M. Jean-Pierre Vial. Je demande la parole.
M. le président. La parole est à M. Vial.
M. Jean-Pierre Vial. Madame le secrétaire d'Etat, j'ai bien noté les assurances que M. Gayssot a voulu donner sur la volonté de voir le trafic de fret croître progressivement jusqu'à 40 millions de tonnes lorsque l'itinéraire définitif sera réalisé. L'objectif à moyen terme de 20 millions de tonnes est bien confirmé.
En revanche, j'ai noté que le tunnel pré-Alpes n'a jamais été évoqué dans la réponse du ministre, d'où une double crainte. D'une part, je redoute qu'on n'utilise les itinéraires actuels, c'est-à-dire que l'on n'aggrave la situation des itinéraires que j'ai évoqués dans ma question. D'autre part, je crains que, tout en aggravant cette situation, nous n'arrivions pas aux 20 millions de tonnes par an.
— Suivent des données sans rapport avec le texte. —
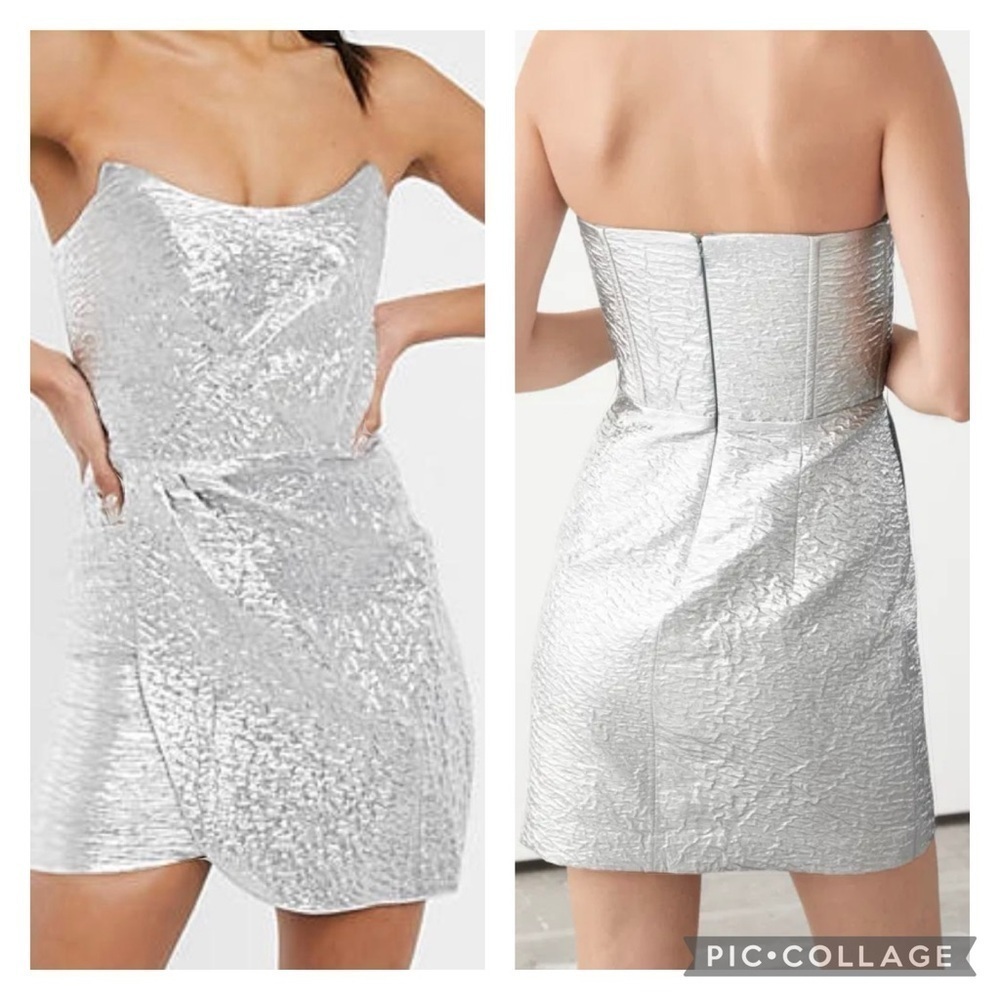 & OTHER STORIES Women’s Silver Foil DRAPED STRAPLESS JACQUARD DRESS Size 38 US S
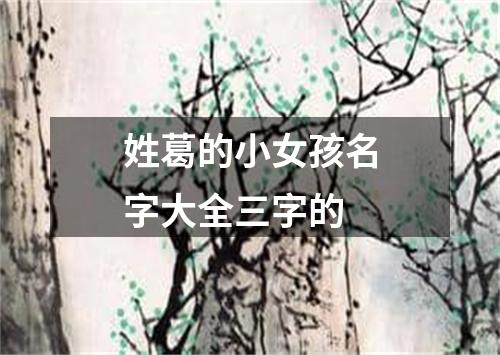 姓葛的小女孩名字大全三字的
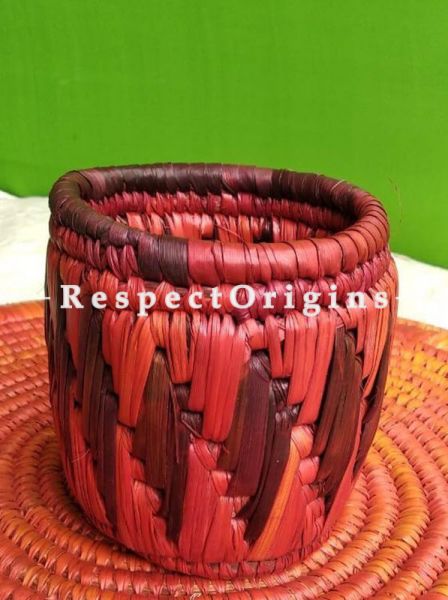 Pair of Handwoven Moonj Grass Pen Stand; Eco-friendly Cylindrical Shape With Warm Red Zig Zag Design; RespectOrigins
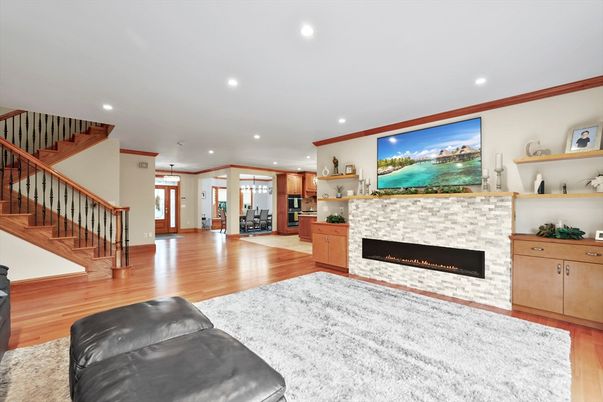 Fireplace, Interior, Recessed Lighting, Wood Texture Flooring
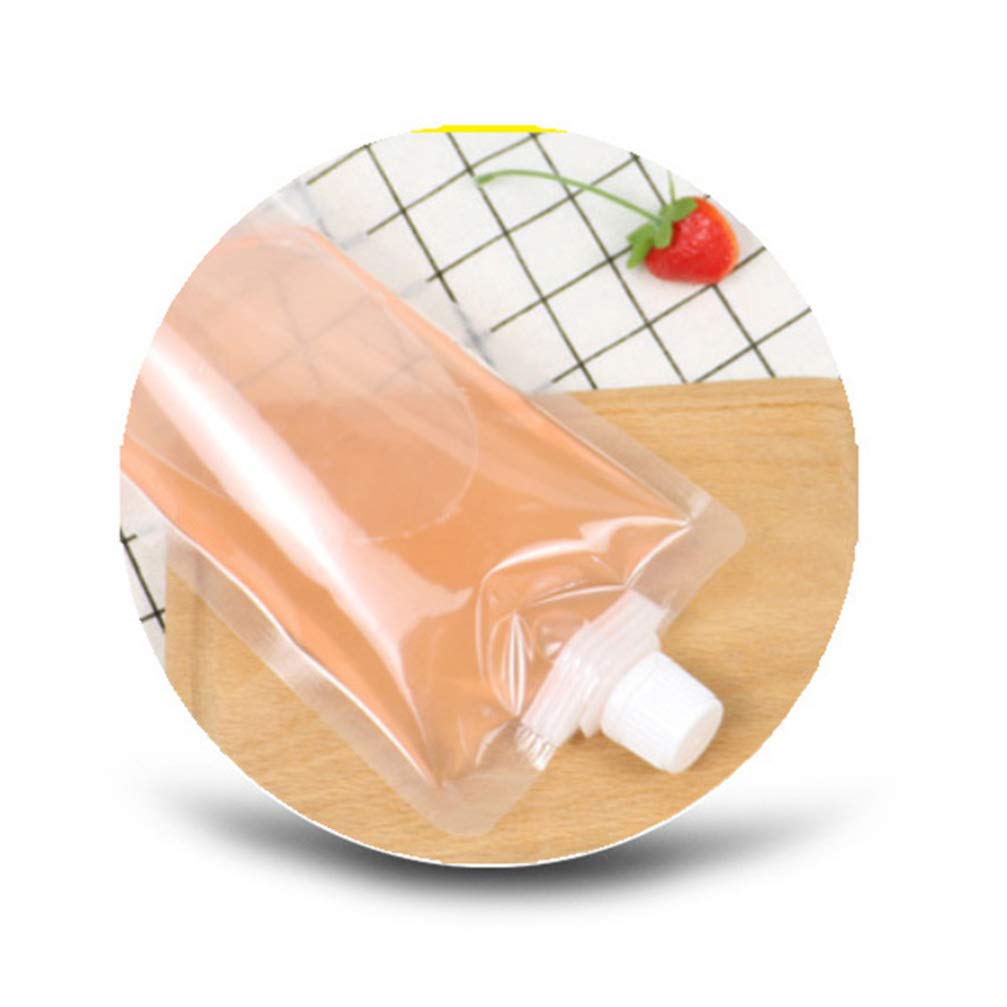 50pcs 380ml Reusable Stand Up Drink Pouches - Leak Proof Juice Bags for Hot & Cold Beverages - Perfect for Cruises, Picnics, Camping & Outdoor Activities
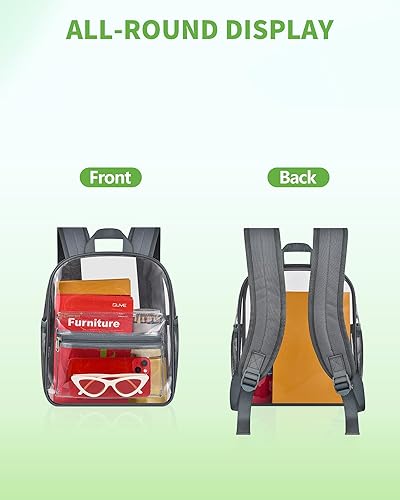 Miniatura 6 de MAY TREE Mochila transparente para eventos de estadio, 12x11x5 pulgadas pequeña mochila transparente para conciertos festivales deportes al aire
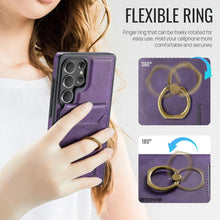 for Samsung Galaxy S25 Ultra 2 in 1 Detachable Card Bag Wallet Case Durable Leather Wallets Magnetic Card Holder 4 Card Slots Ring Stand RFID Blocking
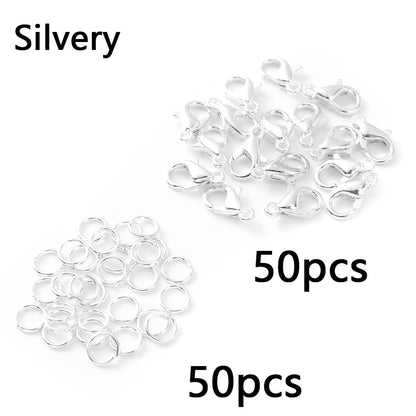50-Piece Open Jump Rings & Lobster Clasps Jewelry Findings Set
En effet, je crois voir une contradiction entre la position de la SNCF et celle de RFF. Celui-ci propose, en effet, l'itinéraire et la solution qui m'ont été exposés. En revanche, il me semble que la SNCF craint de ne pouvoir atteindre les objectifs fixés en utilisant l'itinéraire que le ministre paraît vouloir maintenir.